"Deanotations", one of my all-time favorite subscribed newsletters, is putting out its last issue. Dean Blehert has published it semi-monthly for the last 15 or 20 years, and his wife, Pam Coulter, has illustrated each issue with simply amazing line drawings.
The last one is on its way to me, so says Dean. There will be no more.
Dean tells me it is the end but I don't want to believe it.
I've got a file of Deanotations that goes back to the last ice age, or so it seems. It has been growing at glacial speed no matter where or how many times I've moved in the last 20 years. After this, it will be getting no thicker. When I die (some unthinkable time in the distant future) whoever has the task of weeding through my papers will undoubtedly toss the folder, thinking it of no value. How wrong they will be!
Deanotations was usually filled with "light", funny, touching poems - Dean is a master of puns and palindromes, sestinas and limericks - he can do it all well.
I like the space he makes for readers - it is a fun place with wide horizons where people play tricks on you and you can fall down dead and spring up again like the much-abused Roadrunner.
He's moving on, says Dean.
I find I want to stow away with him to wherever Dean is going.

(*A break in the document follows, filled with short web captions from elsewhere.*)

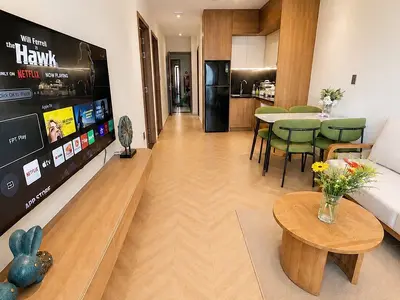 2 bedrooms · apartments · Da Nang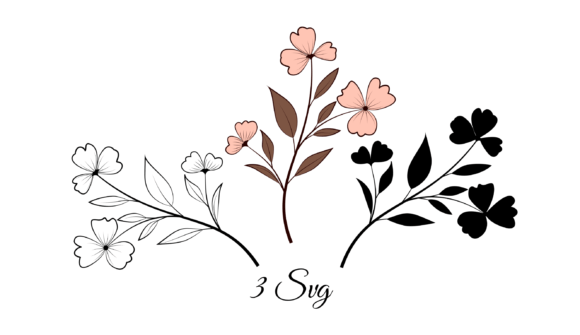 Download Cute Flower Branch - Branch Collection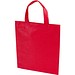 Ecoseal 3 L Mini Tragetasche aus GRS Recyclingmaterial, rot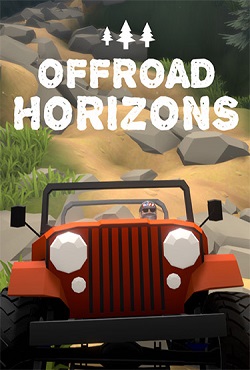 Offroad Horizons Arcade Rock Crawling скачать торрент
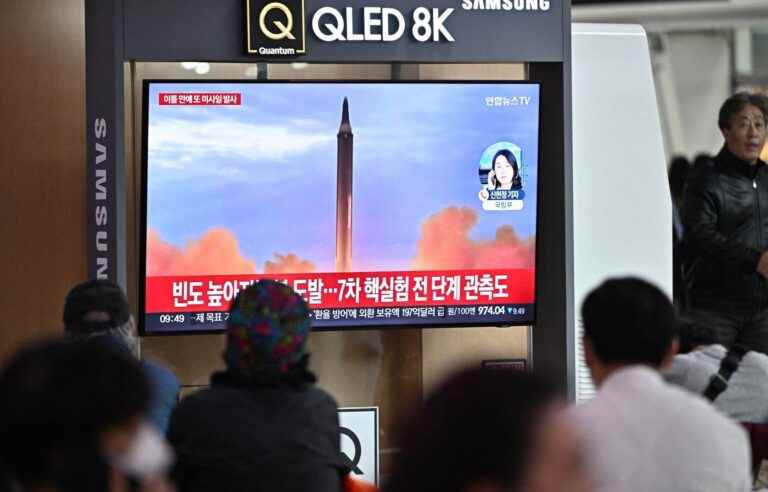 Pyongyang defends missile tests against US ‘military threats’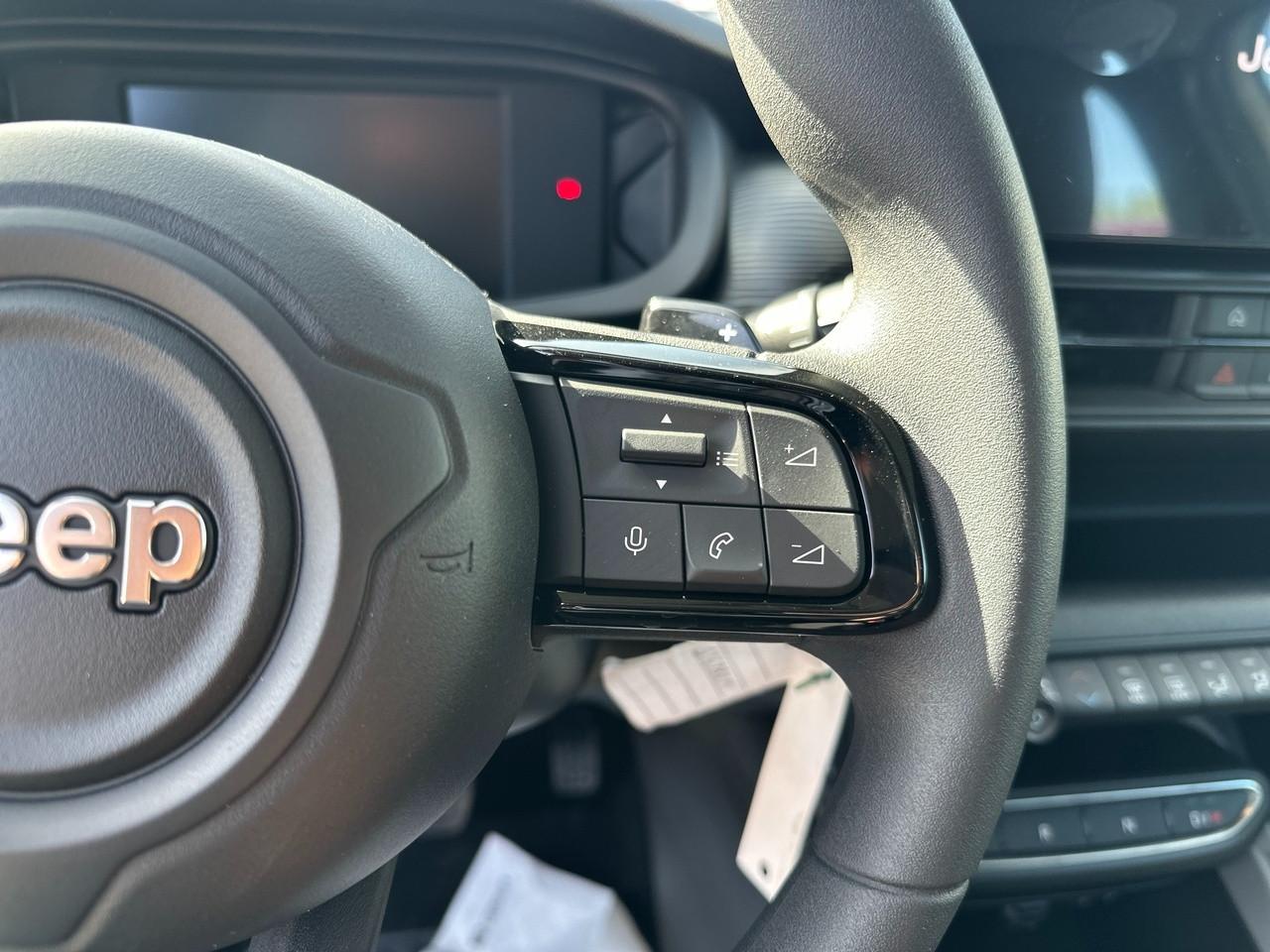 JEEP Avenger - Avenger 1.2 turbo Longitude fwd 100cv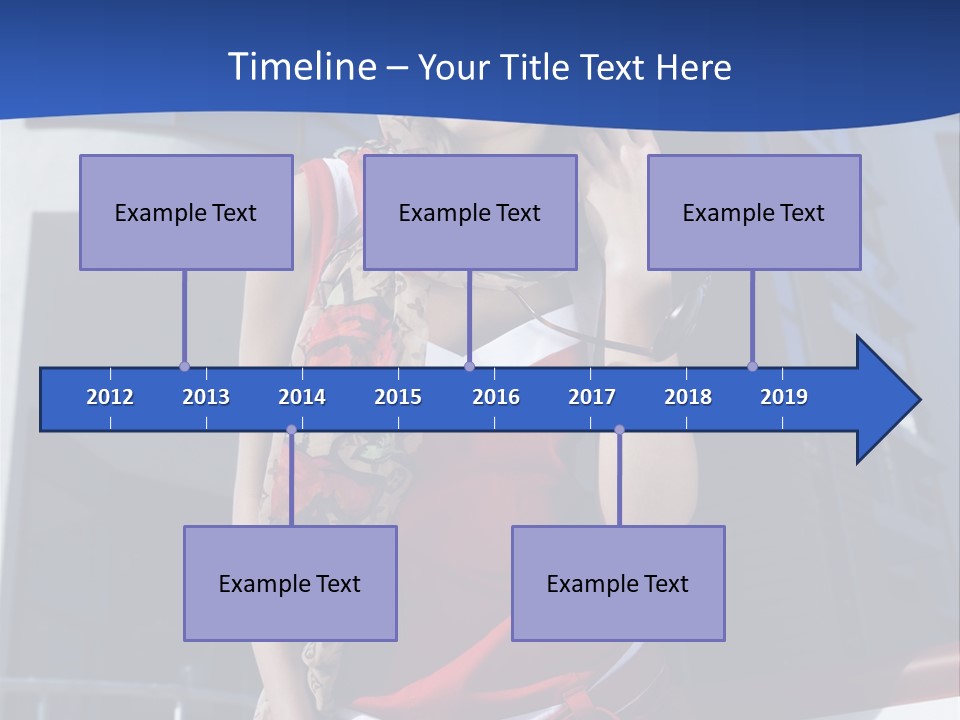 Urban High Fashion PowerPoint Template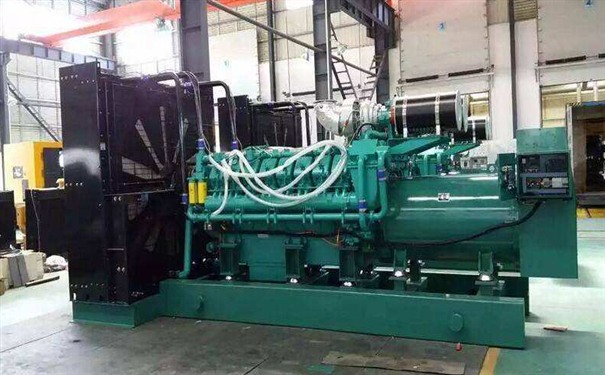 琼中科克500kw大型柴油发电机组出租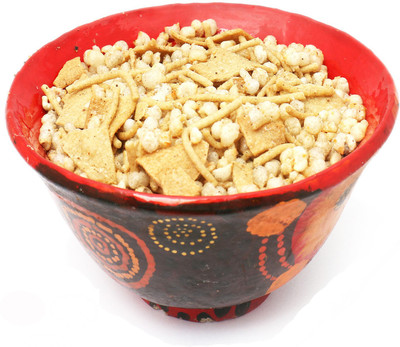 Ghasitaram Gifts Bajra Mix Namkeens 200 gms(200 g)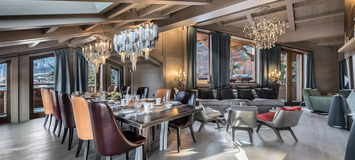 El chalet en Courchevel en alquiler con 938 m2 y 5 dormitori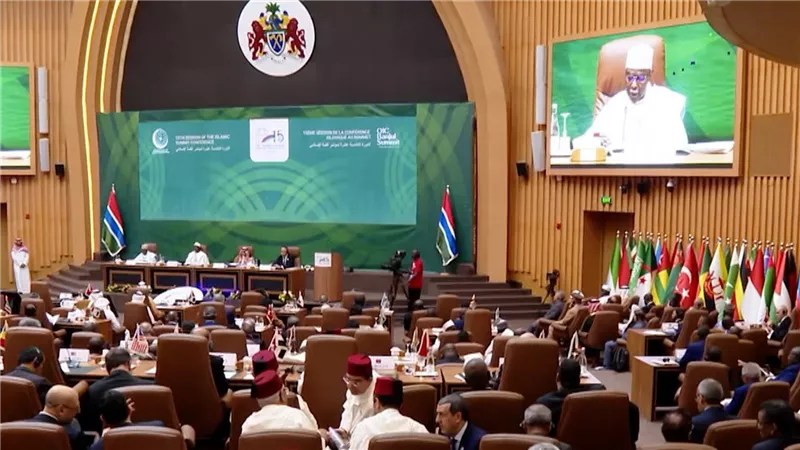 القمة الإسلامية تدعو لوقف الإبادة الإسرائيلية في غزة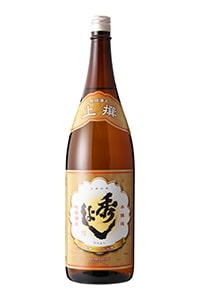 秋田地酒　秀よし 鈴木酒造 上撰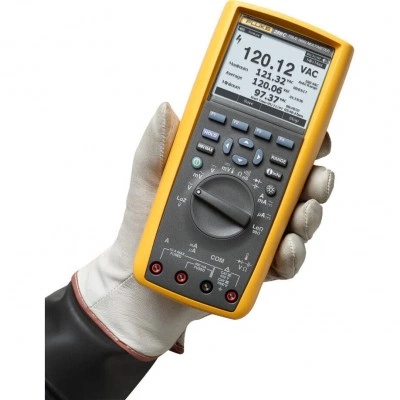 Мультиметр с поверкой FLUKE 289 Мультиметр с поверкой FLUKE 289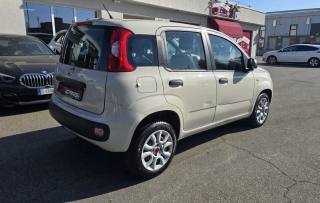 FIAT Panda usata, con Airbag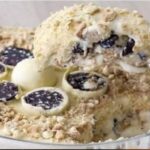Mousse de Bombom Ouro Branco na Travessa: Uma Delícia Irresistível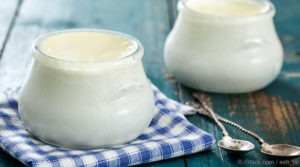 homemade yogurt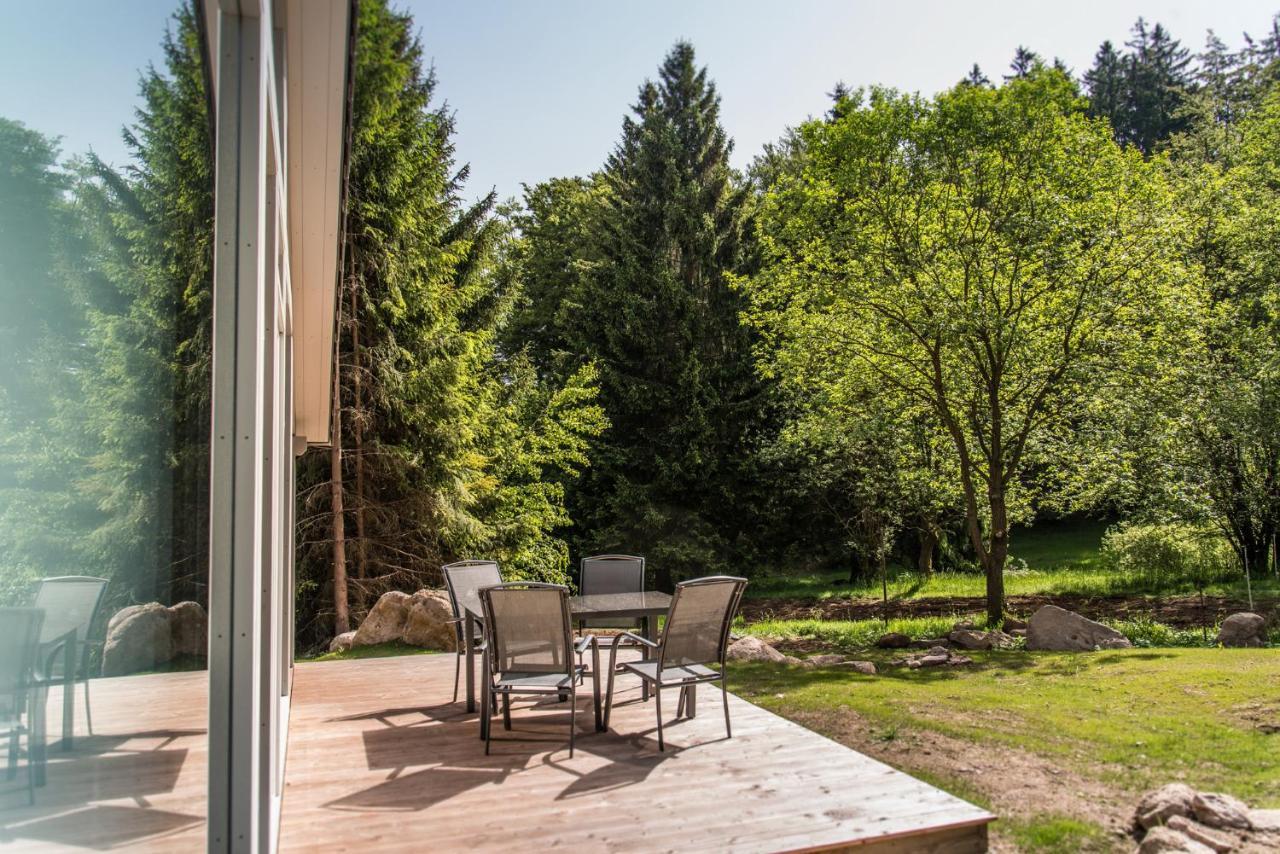 Ferienhaus Lichtung Vila Ruhla Exterior foto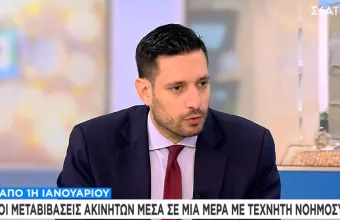 κυρανακης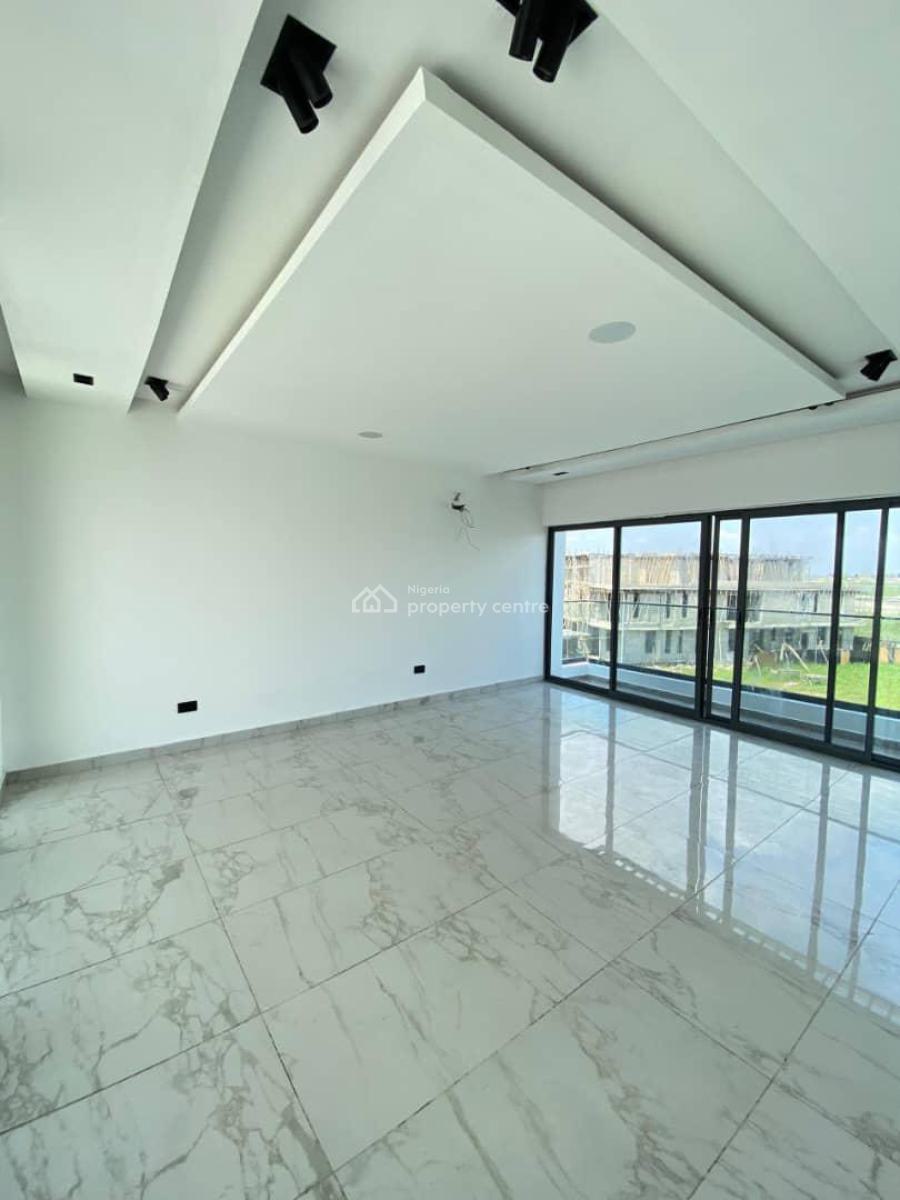 5 Bedroom Fully Detached Duplex with Bq, Ikate, Lekki, Lagos, Detached Duplex for Sale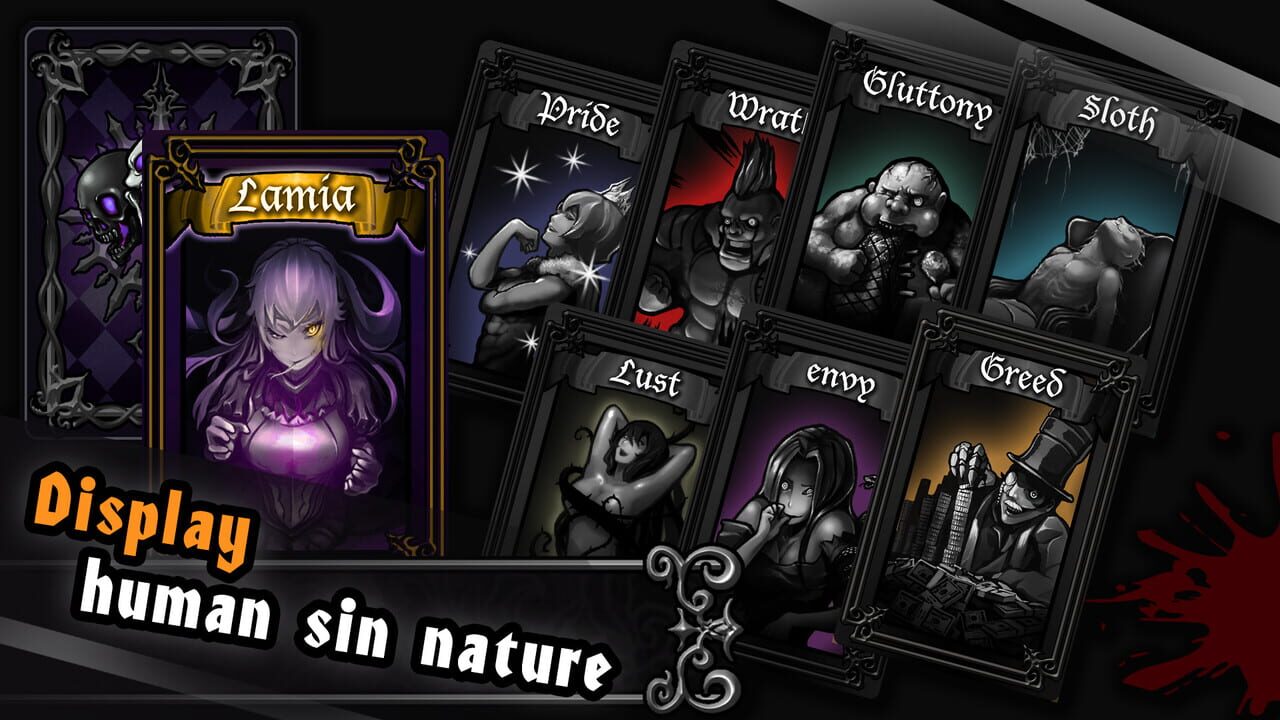 Lamia's Game Room — Screenshot 5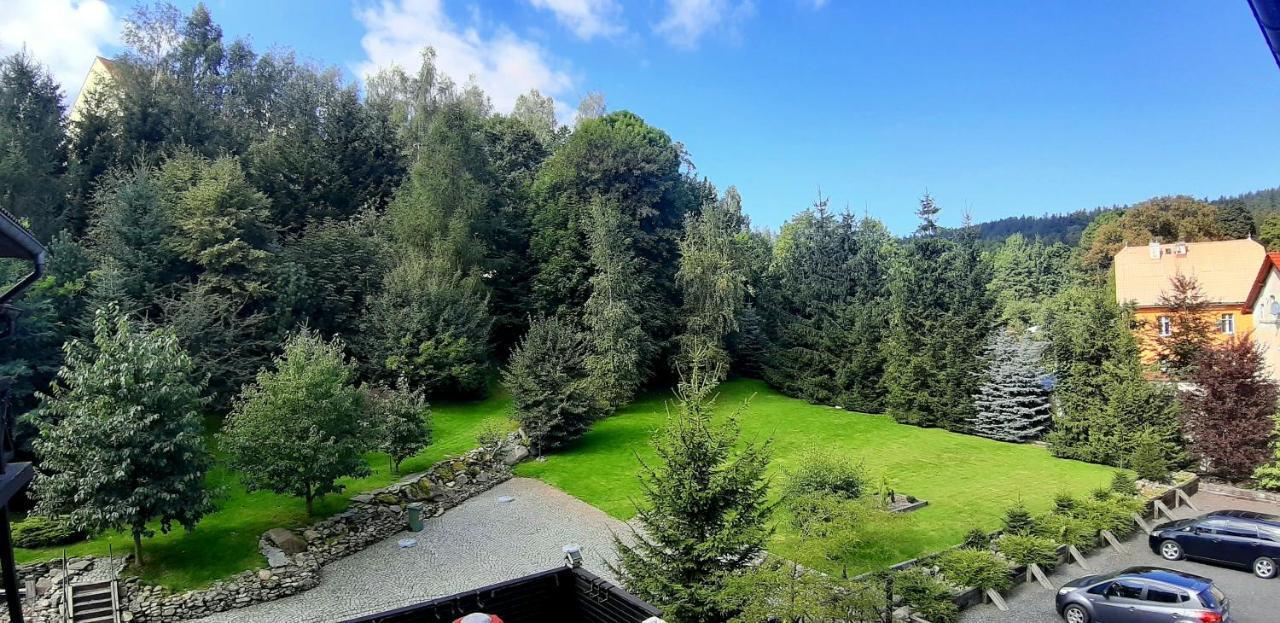 Rezydencja Zapiecek Swieradow-Zdroj Exterior foto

When I was reading more today from The Genius of Haiku, which is a condensed version of the works of R.H. Blyth, this section reminded me of Blehert's gentle humor, so ably expressed in his poems:
The fundamental thing in the Japanese character is a peculiar combination of poetry and humour, using both words in a wide and profound yet specific sense. "Poetry" means the ability to see, to know by intuition what is interesting, what is really valuable in things and persons. More exactly, it is the creating of interest, of value. "Humour" means joyful, unsentimental pathos that arises from the paradox inherent in the nature of things. Poetry and humour are thus very close; we may say that they are two different aspects of the same thing. Poetry is satori; it is seeing all things as good. Humour is laughing at all things; in Buddhist parlance, seeing that "all things are empty in their self-nature", and rejoicing in this truth.